トランプ氏明かした“会談の中身”ゼレンスキー氏とひざ詰め15分間

 2人の近すぎる距離は何を意味するのか。ウクライナの運命を握る会談の中身をトランプ大統領が明かしました。

■トランプ氏 明かした“会談の中身”

アメリカ トランプ大統領
「会談はうまくいった。今後、数日でどうなるか見てみよう」

 トランプ大統領が言う会談とは、バチカンでのウクライナ・ゼレンスキー大統領との直接会談です。

トランプ大統領
「彼らには厳しい道のりが待っている。我々はいい会談をした素晴らしい会談だった。美しい会談だった。今まで見たなかで最も素晴らしいオフィスだった。とても美しい」

 トランプ大統領はオフィスと言いましたが、2人が会ったのはバチカン市国。ローマ教皇フランシスコの棺(ひつぎ)が安置されていたサン・ピエトロ大聖堂の中に入ってすぐ、洗礼礼拝堂と呼ばれる場所です。

 2人は話しながら歩き、途中、フランスのマクロン大統領とあいさつ。教皇庁の関係者らが椅子を並べると、ひざとひざを突き合わせて15分間、話し合いをしました。

 写真で見ると、2人は「キリストの洗礼」と呼ばれる絵画の前に座り、教皇フランシスコの葬儀直前ということもあり、すぐ近くには教皇庁の人もいます。

 また、イギリスのスターマー首相、フランスのマクロン大統領とも立ち話をする機会があったようです。

 トランプ大統領は、この3日前にはSNSでゼレンスキー大統領を「和平交渉において非常に有害」などと激しく非難していました。

 さらに、会う予定があるかを聞かれても…。

トランプ大統領
「(Q.ゼレンスキー大統領はこの週末に会いたいと言っていますが?)彼が葬儀に参列するかどうかも知らない」

 もちろんこの時点でゼレンスキー大統領は葬儀への参列を表明し、トランプ大統領との会談にも意欲を見せていました。
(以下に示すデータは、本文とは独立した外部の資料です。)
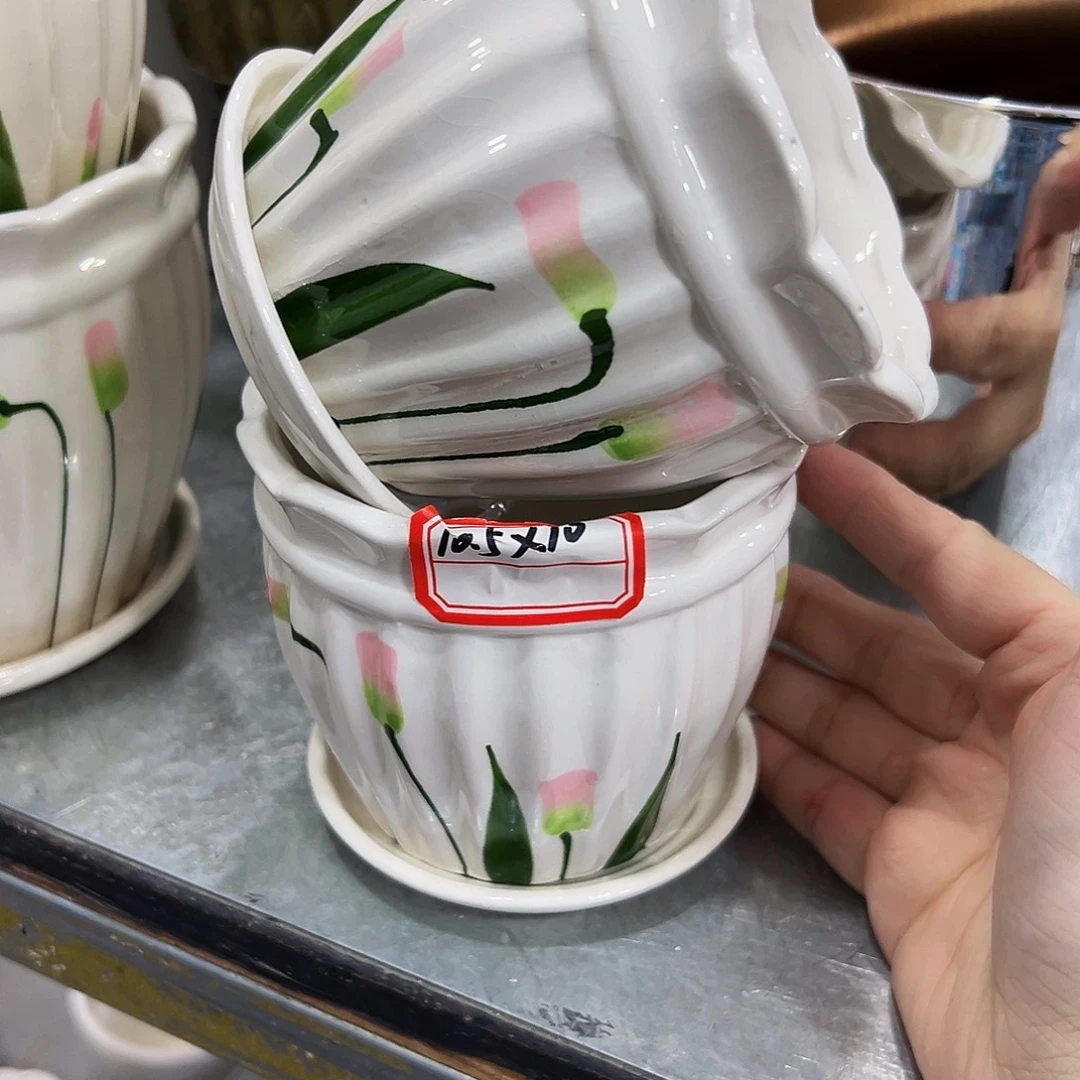 外贸尾单陶瓷花盆凑12米包邮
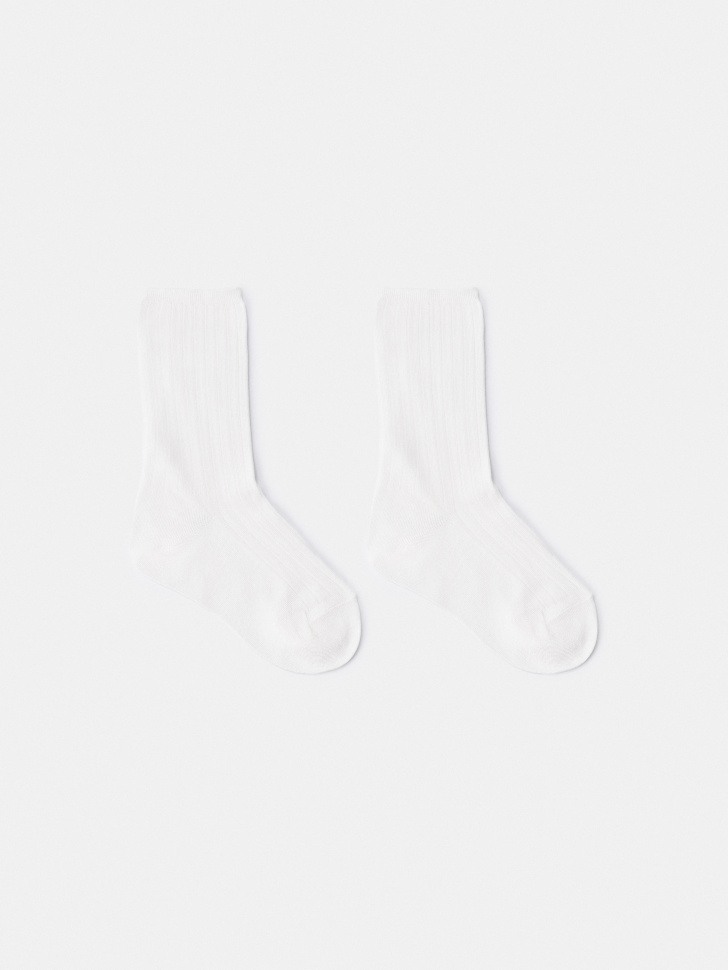 Носки SELA из смесового бамбука в рубчик, белый, арт. 45005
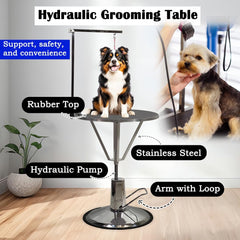 Pet grooming table with Hydraulic Lifting, Height adjustable, Scratch- resistant, and Round design, Heavy duty grooming table with 360 rotating, Non-slip surface, and Stable round base, 160 cm (Black)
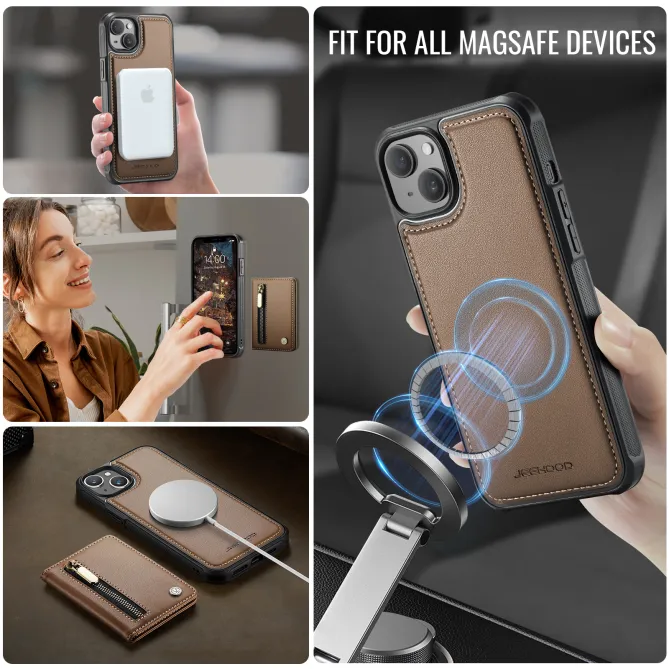 Coque iPhone 15 portefeuille détachable magnétique zippé J12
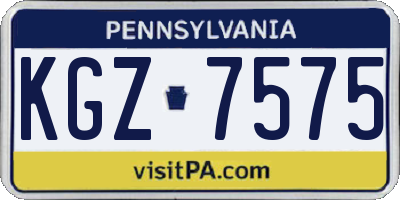 PA license plate KGZ7575
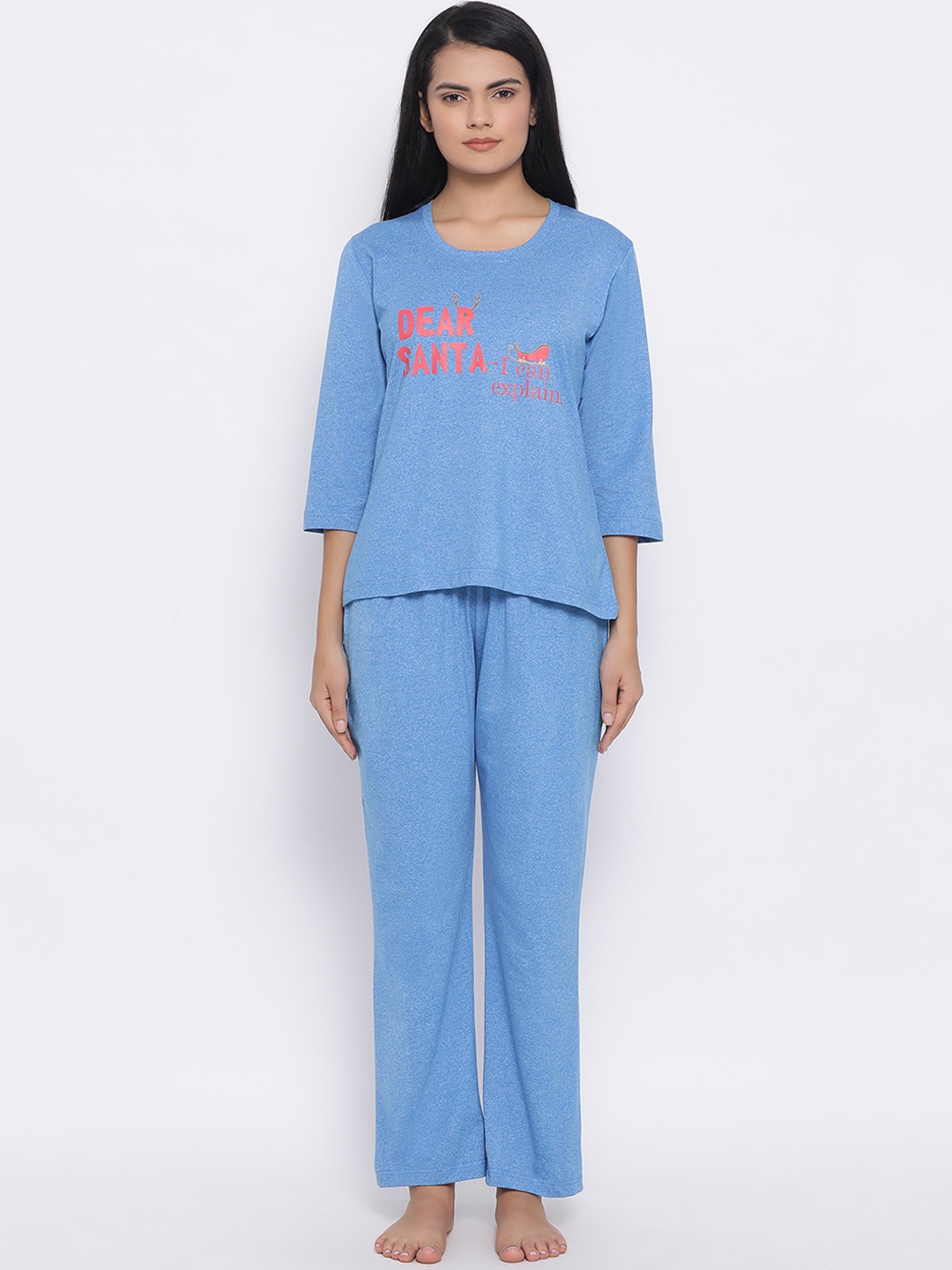 

Clovia Women Blue Printed Night Suit LS0294A083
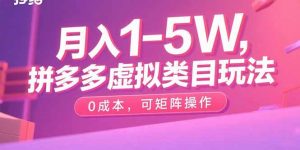 月入1-5W，拼多多虚拟类目玩法，0成本，可矩阵操作-木白网创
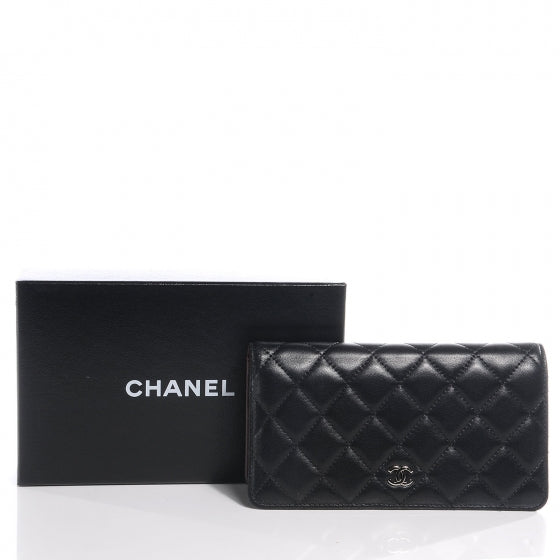 Chanel Lambskin Quilted Yen Wallet Black 5 of 9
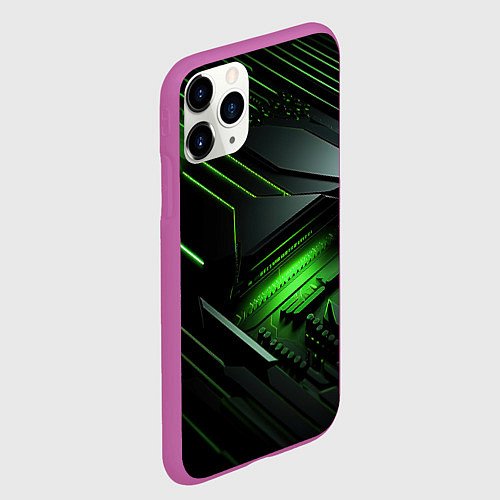 Чехол iPhone 11 Pro матовый Металл и зеленый яркий неоновый свет / 3D-Фиолетовый – фото 2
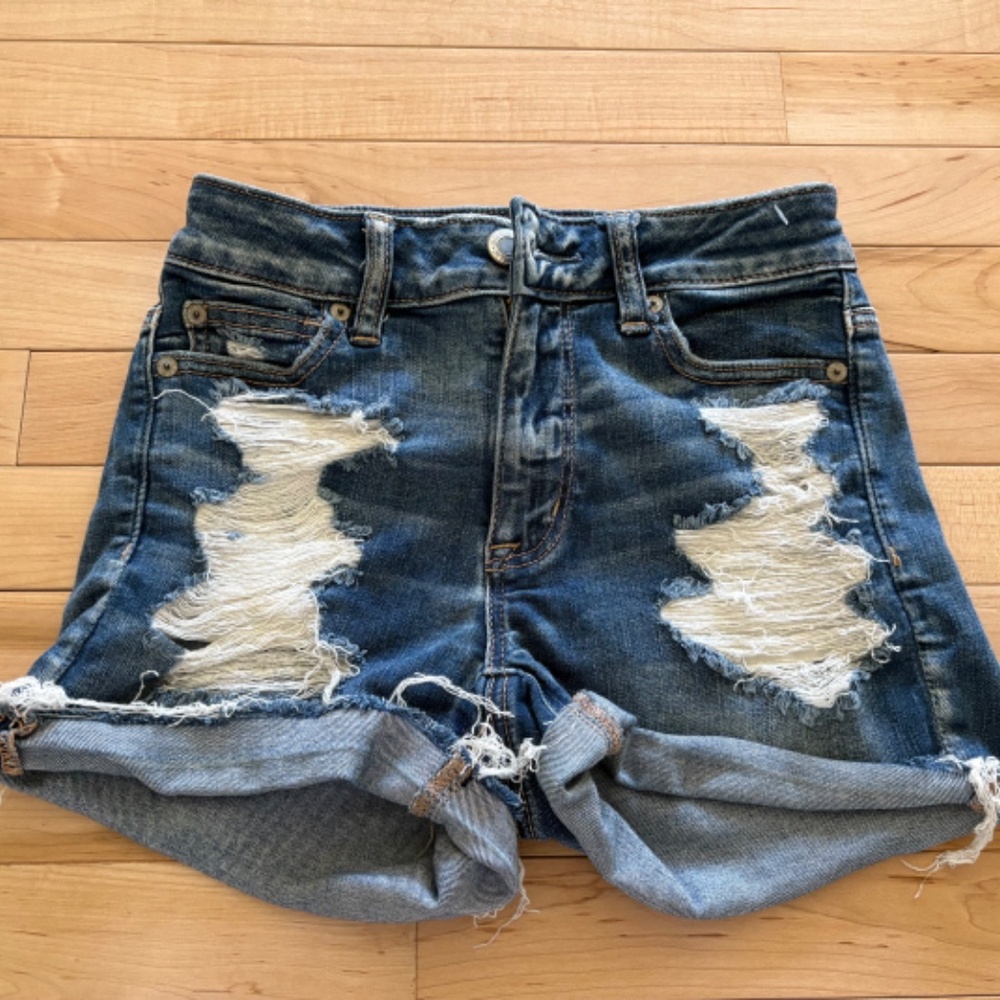 American Eagle Hi-Rise Shortie Distressed Denim Jean Shorts Size 0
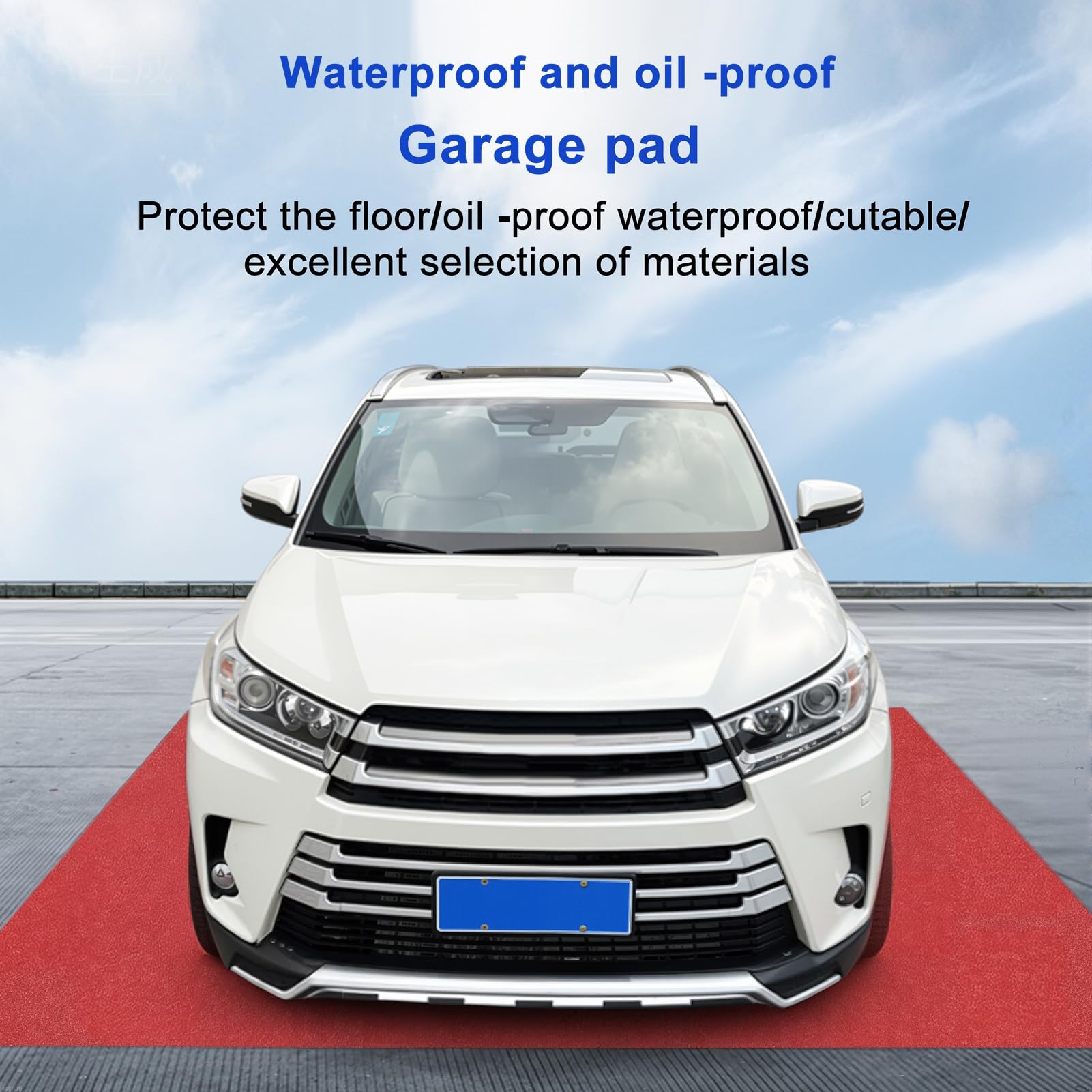 Garagenmatte ölauffangend 5,2x2,2m wasserdichte Unterlegmatte für Auto, rutschfeste Garagen Bodenmatte mit PE-Rückseite, Ölmatte zuschneidbar für Werkstatt Rot 3 mm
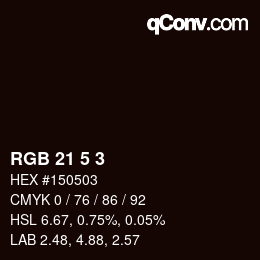 Color code: RGB 21 5 3 | qconv.com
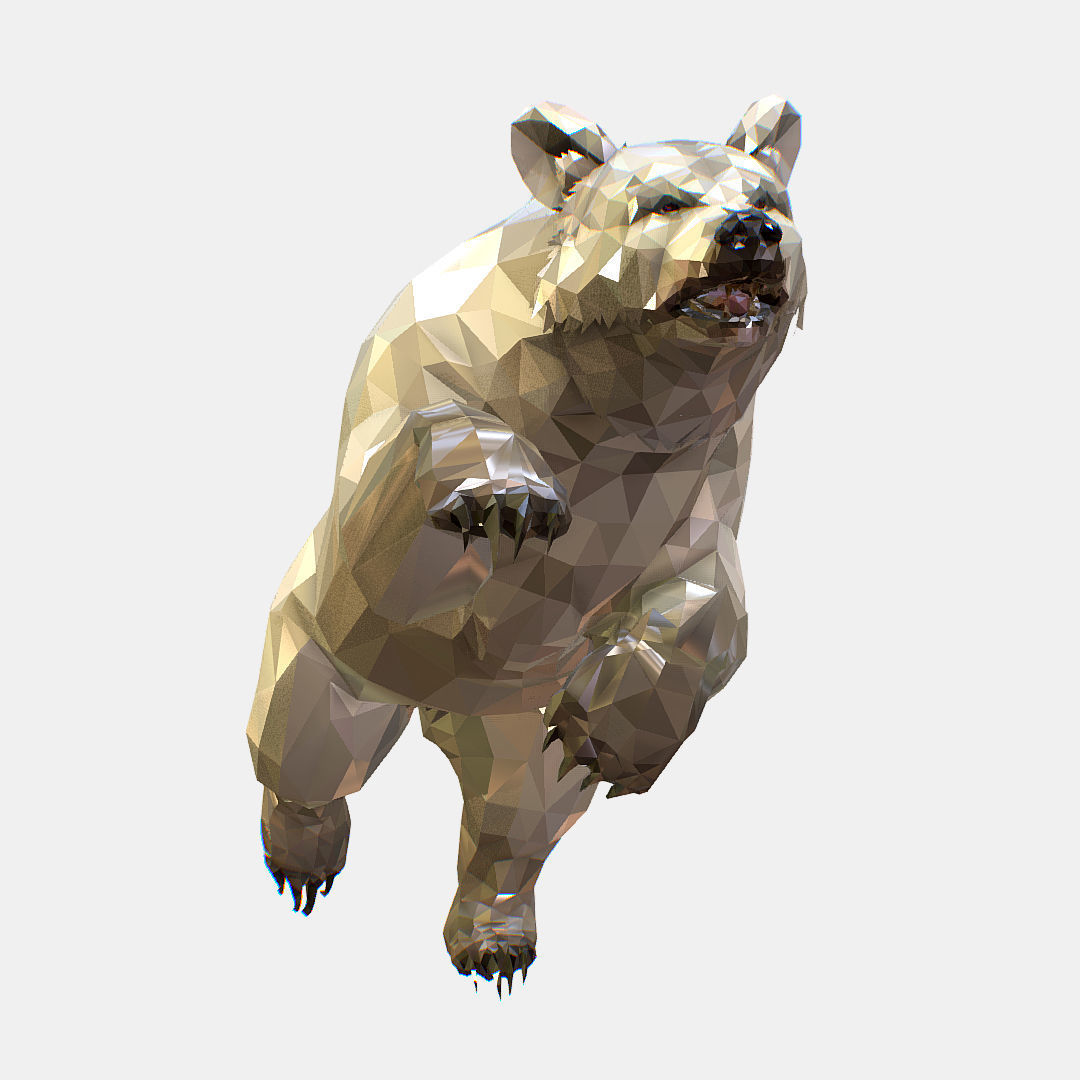 Animated Low Poly Art Arctic animal White Bear Low-poly 3D model_6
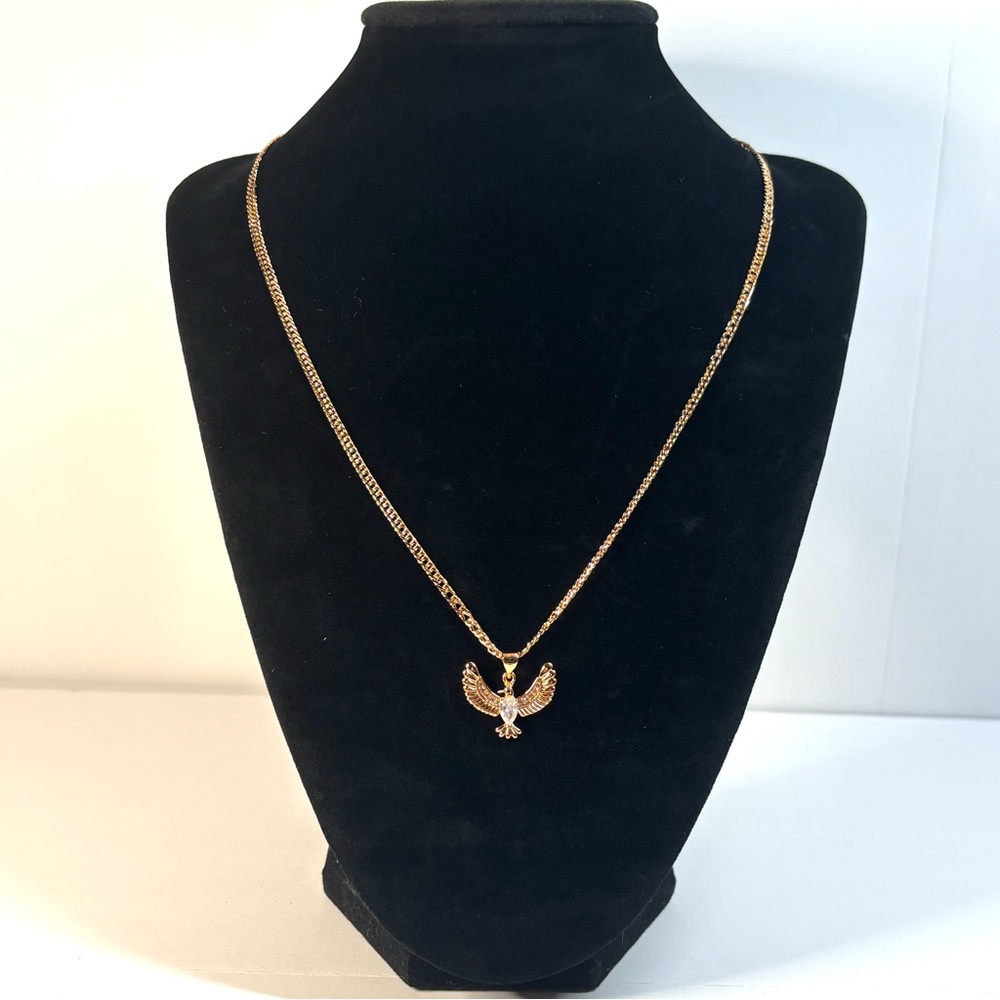 18k rose gold-plated eagle pendant necklace - Picture 4 of 5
 結局、実現した会談を経て、トランプ大統領はゼレンスキー大統領について…。

トランプ大統領
「彼は国のために良いことをしたいと思っている。彼は良い仕事をしているし、一生懸命だ。何が起こるか見てみよう。とても複雑な交渉だ」

 ゼレンスキー大統領からは、どんな話があったのでしょうか。

トランプ大統領
「もっと武器が必要だと言っていた。ただ、3年前から言っている。以前より落ち着いていると思う。状況を理解し、取引をまとめたいと思っていると思う」

■一方、ロシアについては…

トランプ大統領
「ロシアについて何が起こるか見てみたい。ロシアが爆撃をしていることに驚き、とても失望している。あれだけ話し合いをしたというのに」

 ただ、トランプ大統領はこれまでロシアに寄り添った発言を繰り返してきました。そして、トランプ政権が示したと報道された和平案もロシア寄りのものです。

 例えば、ロシアが一方的に併合を宣言したクリミア半島。報道された和平案では、これをロシア領として承認するとしています。もちろんゼレンスキー大統領は拒否をしています。

トランプ大統領
「(Q.ゼレンスキー大統領はクリミアについて話した?)すごく手短には話した。ただ、クリミアはオバマ時代、バイデン時代に手放したものだ。11年か12年前だ。なぜ、今さらクリミアのことを持ち出すのか理解できない」

 トランプ大統領は先週、SNSでゼレンスキー大統領がクリミア半島を放棄しないことに激怒していました。

トランプ大統領
「(Q.ゼレンスキー大統領はクリミアを諦めた?)そうだと思う。クリミアは12年前の話だ。オバマの時代だ。1発の銃弾も撃たずに手放したんだ。だからクリミアについて私に聞くな。オバマやバイデンに聞いてくれ、忘れないでほしい。これはバイデンの戦争であって、トランプの戦争ではない」

 戦争が始まったのは、ロシアがウクライナに侵攻したからです。そのため、バイデン政権は軍事的にウクライナを支援してきました。

 一方、トランプ大統領は「就任すれば、24時間で戦争を終わらせる」と豪語してきました。

 しかし、29日で就任から100日を迎えます。今になってトランプ大統領は、24時間は“比喩的な表現”“冗談交じり”で言ったものだと釈明しています。

■100日たっても交渉実らず 今後の行方は?

明海大学 小谷哲男教授
「100日以内というのは事実上諦めたと言っていいと思いますし、諦める理由もウクライナ・ロシア双方が停戦交渉に前向きではないと。この問題は、そもそもオバマ大統領、それからバイデン大統領が対応を誤ったからだということで、自分には関係のない話だと。もともとそういう言い方もある意味、言い訳もし始めています。100日という期限は事実上諦めていますが、ただ、いつまでもずるずるとこの仲介作業、仲介の努力を続けるつもりはないというのも事実だと思います」

 トランプ大統領が仲介を投げ出す可能性もあります。

小谷哲男教授
「就任式でも自分はピースメーカーになるんだと、平和を作り出す人間になるんだと言っていたので、停戦を実現したいという思いはあると思いますが、トランプ支持者の間でもういいんじゃないかと。この問題はアメリカには関係ないんだから、早く手を引けばいいという声が高まっている。なかなか前に進まないということで苛立ちから、これを放棄するということはあり得ると思います」

 各社の世論調査の平均を見ると、トランプ大統領の支持率は下がり続けています。なかでも、ワシントンポストとABCニュースは就任100日をめどとした支持率としては、戦後最低だとしています。